Think of train stations in Japan and the mighty Shinjuku station is sure to come to mind for many people. That is the world’s busiest train station, and Japan monopolises the top 50 list with only five of them not in this country. However, at the other end of the scale are some tiny stations which are usually unstaffed and used by very few commuters.
Line(s): Tōkaidō Main Line (Mino-Akasaka Branch Line)
Average No. of Daily Passengers: 403
Usually when you visit an unstaffed station there is still a ticket machine or at least a little device dispensing paper tickets to show to the staff when you arrive at your destination.
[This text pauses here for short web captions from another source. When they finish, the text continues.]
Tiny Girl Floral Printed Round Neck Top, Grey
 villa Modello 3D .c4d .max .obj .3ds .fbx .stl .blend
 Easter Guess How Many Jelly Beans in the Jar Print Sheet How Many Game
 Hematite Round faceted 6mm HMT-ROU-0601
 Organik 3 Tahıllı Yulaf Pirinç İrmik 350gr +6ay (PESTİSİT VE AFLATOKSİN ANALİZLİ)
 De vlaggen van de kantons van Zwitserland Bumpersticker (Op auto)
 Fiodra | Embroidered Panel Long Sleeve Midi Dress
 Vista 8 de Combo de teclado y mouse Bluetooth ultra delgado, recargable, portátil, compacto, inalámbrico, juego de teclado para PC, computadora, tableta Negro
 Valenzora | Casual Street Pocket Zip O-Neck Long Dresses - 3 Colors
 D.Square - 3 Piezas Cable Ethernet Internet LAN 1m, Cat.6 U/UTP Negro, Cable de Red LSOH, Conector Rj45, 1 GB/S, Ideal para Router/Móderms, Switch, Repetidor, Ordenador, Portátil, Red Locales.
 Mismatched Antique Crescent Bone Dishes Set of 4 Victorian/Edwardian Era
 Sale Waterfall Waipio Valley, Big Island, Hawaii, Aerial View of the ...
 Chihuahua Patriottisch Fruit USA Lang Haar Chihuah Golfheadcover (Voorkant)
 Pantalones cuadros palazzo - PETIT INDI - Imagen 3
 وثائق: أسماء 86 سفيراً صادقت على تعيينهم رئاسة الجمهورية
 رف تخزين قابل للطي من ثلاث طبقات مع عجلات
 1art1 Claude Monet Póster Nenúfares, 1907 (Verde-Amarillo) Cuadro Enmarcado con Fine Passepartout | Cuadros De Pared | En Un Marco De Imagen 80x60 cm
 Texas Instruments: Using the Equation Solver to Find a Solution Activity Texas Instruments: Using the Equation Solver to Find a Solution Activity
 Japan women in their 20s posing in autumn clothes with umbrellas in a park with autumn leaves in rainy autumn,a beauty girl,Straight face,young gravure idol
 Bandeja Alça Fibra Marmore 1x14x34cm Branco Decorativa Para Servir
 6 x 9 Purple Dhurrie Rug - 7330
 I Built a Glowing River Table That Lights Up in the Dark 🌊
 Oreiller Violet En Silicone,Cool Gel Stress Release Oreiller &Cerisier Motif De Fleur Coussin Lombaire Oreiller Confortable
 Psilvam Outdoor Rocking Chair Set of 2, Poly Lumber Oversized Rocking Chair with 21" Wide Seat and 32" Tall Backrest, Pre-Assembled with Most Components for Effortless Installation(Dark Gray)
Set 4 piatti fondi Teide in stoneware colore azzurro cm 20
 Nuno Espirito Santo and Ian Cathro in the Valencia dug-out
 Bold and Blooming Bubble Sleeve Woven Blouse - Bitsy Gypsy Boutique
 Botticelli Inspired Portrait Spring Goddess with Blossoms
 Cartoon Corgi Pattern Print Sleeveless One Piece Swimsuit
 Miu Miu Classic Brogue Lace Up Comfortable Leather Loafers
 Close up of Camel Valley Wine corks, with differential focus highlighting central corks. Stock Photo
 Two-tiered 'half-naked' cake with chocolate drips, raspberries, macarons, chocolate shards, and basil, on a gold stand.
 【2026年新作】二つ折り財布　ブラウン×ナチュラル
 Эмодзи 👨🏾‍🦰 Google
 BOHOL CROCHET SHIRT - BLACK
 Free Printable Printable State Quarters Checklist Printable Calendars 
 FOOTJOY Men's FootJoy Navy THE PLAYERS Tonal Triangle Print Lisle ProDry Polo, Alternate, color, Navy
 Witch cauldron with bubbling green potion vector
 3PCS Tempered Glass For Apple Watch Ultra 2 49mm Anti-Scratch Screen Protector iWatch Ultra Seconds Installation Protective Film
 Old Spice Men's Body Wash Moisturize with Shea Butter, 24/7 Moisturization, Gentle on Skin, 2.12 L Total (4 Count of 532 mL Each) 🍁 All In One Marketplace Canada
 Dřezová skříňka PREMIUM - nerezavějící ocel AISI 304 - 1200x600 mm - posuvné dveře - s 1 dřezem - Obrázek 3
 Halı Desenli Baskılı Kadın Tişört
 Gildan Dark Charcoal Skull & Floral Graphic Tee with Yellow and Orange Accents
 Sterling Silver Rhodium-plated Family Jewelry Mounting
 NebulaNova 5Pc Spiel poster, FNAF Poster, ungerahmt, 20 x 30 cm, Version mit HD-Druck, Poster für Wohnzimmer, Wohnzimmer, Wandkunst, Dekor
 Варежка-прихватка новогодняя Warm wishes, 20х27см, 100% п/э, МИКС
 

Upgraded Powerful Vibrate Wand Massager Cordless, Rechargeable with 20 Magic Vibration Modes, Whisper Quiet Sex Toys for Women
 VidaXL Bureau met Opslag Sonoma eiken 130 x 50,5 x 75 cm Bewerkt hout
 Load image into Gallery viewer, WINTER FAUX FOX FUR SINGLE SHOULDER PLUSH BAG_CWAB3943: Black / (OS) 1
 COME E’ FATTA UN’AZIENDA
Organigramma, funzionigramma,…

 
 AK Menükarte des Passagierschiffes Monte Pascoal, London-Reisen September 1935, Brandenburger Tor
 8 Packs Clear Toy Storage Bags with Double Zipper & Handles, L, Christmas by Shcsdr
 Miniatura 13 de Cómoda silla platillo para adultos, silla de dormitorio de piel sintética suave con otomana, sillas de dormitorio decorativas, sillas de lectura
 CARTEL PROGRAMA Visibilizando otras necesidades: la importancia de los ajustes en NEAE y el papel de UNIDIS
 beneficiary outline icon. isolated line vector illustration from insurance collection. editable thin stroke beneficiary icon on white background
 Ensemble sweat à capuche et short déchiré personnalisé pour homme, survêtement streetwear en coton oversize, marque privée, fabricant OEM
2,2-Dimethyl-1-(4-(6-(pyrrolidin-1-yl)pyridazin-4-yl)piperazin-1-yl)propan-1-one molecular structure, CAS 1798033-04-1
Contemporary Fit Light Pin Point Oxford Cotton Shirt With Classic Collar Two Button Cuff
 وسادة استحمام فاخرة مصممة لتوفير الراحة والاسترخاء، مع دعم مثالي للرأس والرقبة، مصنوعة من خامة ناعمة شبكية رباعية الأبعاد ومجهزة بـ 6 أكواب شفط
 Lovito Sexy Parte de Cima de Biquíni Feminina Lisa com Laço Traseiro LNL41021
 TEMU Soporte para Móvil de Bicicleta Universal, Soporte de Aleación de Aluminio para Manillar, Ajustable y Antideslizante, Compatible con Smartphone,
However, Arao Station is not just unattended but there’s no machine at all which surprised me as I wasn’t sure what to do when I returned to Ogaki Station a mere three minutes later.
As it was, I just said I’d come from Arao and paid the fare to the staff member at the ticket window. A true honesty system if ever there was one!!
Arao is located just 3.4 kilometres away from Ogaki Station and consists of a solitary platform serving the trains running in both directions. There is a shelter of sorts and that really is it. There’s not even a toilet which far shabbier and smaller stations have!
The reason for me going to Arao was not just to see the station itself but to visit Mikubi Shrine (1283-1 Araocho, Ogaki, Gifu-ken) which is open from 9:00 am till 4:30 pm every day. This quirky place is known as the hat shrine and it is located just a minute away on foot which was lucky for me as I only had 14 minutes to disembark, find the shrine and take the pictures I needed before heading back to the station for the return train. I should add that a precious 60-90 seconds of those 14 minutes was spent waiting at the crossing for the train to depart and for the barrier to lift allowing me to cross the track!
Trains on this branch of the line are not so frequent so planning was of utmost importance for me as I was only in the area for a very short time. I had already seen a few sights in Ogaki that morning and taken the train to Yōrō and back to see the colourful and architecturally inspiring Reversible Destiny installations, and needed to get back to Ogaki ready to head west to revisit Hikone via Maibara.